Et pourtant, l'atmosphère de ces bains vieillots était tellement plus touchante que celle de ces beaux onsen de papier glacé.
On y vient en famille, par lignées de femmes couvrant plusieurs générations, entre amies ou entre voisines.
Quel spectacle étrange et drôle que ces femmes nues qui se saluent courtoisement comme elles le feraient en se croisant sur un trottoir, chemisier boutonné jusqu'au col, masque et chapeau à larges bords pour se cacher des regards, des microbes et du soleil.

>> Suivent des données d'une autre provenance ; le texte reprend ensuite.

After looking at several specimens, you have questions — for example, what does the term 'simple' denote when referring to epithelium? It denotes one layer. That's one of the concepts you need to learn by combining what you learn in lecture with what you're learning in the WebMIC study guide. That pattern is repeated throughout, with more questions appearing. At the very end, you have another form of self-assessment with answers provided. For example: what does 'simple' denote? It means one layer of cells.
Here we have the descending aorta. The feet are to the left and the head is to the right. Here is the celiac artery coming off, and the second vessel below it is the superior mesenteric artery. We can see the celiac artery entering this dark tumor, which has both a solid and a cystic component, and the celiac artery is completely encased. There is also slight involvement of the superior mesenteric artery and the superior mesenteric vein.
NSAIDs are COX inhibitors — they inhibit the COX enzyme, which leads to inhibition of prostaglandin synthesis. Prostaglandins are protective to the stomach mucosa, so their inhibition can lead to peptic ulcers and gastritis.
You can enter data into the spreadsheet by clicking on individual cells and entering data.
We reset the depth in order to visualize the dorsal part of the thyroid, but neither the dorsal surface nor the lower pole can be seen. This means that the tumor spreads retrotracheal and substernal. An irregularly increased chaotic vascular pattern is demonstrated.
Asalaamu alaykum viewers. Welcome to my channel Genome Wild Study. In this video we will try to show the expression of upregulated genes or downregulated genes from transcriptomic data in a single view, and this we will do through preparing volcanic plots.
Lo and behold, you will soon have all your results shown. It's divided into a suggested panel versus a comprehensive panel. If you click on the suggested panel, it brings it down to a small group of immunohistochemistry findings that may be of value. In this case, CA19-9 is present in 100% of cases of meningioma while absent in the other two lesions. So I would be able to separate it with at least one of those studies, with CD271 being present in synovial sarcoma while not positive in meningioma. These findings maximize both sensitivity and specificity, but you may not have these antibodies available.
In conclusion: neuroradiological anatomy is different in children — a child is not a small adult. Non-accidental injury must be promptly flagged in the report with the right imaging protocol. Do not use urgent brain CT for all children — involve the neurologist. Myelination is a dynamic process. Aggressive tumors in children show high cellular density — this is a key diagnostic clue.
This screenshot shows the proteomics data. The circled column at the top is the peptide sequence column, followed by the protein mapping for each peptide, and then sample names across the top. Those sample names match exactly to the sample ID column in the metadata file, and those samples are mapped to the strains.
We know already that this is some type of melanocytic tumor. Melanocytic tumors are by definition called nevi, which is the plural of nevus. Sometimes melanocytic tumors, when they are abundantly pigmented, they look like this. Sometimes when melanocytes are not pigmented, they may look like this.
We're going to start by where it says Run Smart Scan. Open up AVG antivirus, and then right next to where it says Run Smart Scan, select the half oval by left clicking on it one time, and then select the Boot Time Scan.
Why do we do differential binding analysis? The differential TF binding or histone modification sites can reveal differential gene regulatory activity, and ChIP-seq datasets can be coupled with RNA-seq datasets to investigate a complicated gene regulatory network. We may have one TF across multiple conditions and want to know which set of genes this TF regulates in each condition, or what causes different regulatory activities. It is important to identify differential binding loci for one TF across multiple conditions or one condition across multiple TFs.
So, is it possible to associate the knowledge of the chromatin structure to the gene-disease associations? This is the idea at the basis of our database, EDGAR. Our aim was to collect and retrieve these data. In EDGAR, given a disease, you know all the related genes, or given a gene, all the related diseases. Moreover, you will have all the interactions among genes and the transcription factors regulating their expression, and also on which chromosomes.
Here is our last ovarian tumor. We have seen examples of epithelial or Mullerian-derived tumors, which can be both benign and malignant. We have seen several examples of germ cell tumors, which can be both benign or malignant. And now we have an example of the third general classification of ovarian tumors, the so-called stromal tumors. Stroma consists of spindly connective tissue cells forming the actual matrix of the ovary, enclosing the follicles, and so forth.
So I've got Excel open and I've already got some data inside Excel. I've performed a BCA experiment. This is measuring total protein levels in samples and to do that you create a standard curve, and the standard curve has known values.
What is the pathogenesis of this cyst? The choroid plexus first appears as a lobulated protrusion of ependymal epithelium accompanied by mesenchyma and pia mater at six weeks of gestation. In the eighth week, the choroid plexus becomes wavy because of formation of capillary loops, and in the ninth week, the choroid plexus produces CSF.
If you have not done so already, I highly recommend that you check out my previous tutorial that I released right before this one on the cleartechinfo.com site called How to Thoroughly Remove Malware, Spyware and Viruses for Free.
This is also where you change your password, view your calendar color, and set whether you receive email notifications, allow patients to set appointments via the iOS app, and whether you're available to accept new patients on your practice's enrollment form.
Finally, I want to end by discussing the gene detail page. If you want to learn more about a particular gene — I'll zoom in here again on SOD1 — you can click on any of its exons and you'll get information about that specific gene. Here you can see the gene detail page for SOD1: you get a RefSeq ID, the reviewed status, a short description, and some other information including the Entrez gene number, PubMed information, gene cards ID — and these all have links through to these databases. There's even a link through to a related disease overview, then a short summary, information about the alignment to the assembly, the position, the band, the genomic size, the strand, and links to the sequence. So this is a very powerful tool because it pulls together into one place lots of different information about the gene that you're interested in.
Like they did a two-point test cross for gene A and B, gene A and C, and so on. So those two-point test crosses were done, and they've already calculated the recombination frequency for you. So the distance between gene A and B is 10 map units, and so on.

Quelles images tendres et touchantes que cette petite fille grimpant joyeusement sur le dos de sa grand-mère en suçant des glaçons pour se rafraîchir de la chaleur moite; que cette femme d'âge mûr savonnant interminablement d'un air grave la peau fanée de sa vieille maman pour laver son corps fatigué – alors même qu'il me faut faire un effort parfois pour prendre la main de la mienne, comme si le fait d'avoir été créée par elle m'en avait irrémédiablement coupée, aussi sûrement que les deux mêmes pôles d'un aimant...
Comment aurais-je pu savoir que ce peuple si conventionnel et d'apparence si distant montrait en fait une telle générosité dans le toucher !
Du fond de mon bassin, j'observais à la dérobée ces rituels du quotidien et m'étonnais de constater à quel point la peau des japonaises est belle, souple et lumineuse à la fois. Les années ne semblaient pas dégrader leur corps, mais plutôt en souligner le caractère. Est-ce dû à leur toilette minutieuse, ou à toutes ces caresses que mère, filles et petites-filles se dispensent sans compter ?
Pas de réponse mais une certitude : je vais m'efforcer de vieillir japonaise.